Monday, May 26, 2014



One pound of stew meat, chunk cut.
Two onions, chopped.
One cup brown ale.
Half a cup meat stock.
Two or three bay leaves.
Two or three cloves.
One or two star anise.
Pinches of nutmeg and dry ginger.
Two TBS flour.
One or two TBS sugar.
A hefty jigger of malt vinegar.
Salt and pepper.
Fresh herbs to finish.
Olive oil.

Salt and pepper the meat. Heat olive oil in a pan, add the meat, and brown it. Put the onion in and cook till golden. Sprinkle the flour over and stir to incorporate and colour. Add the liquids, sugar, and spices, once it bubbles turn the heat low and simmer for an hour or so.
Stir to prevent burning.
Throw some chopped parsley and chervil or chive on top.

Serve with plainly dressed vegetables and potatoes or steamed rice.

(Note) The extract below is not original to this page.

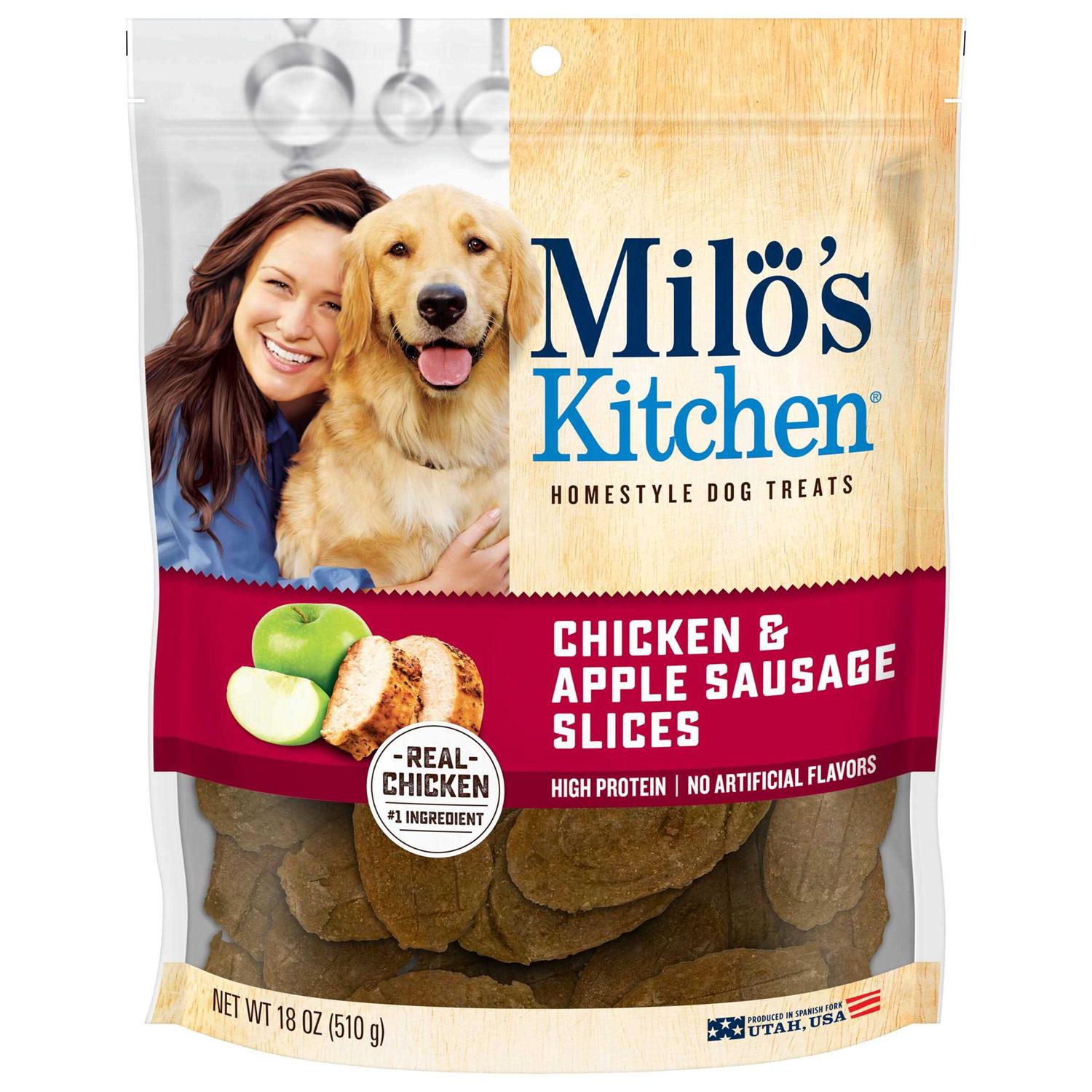 Milo’s Kitchen Chicken & Apple Sausage Slices Dog Treats - Healthber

If you're from Louisiana, use brown roux instead of strewing the flour into the pan.
Traditionally, people would use one or two slices of peperkoek (a swemi-sweet rye cake) or stale brown bread to make the sauce thicker instead of flour. You can do that, but why?

Wherever you are from, have chilipaste ("sambal") on the side.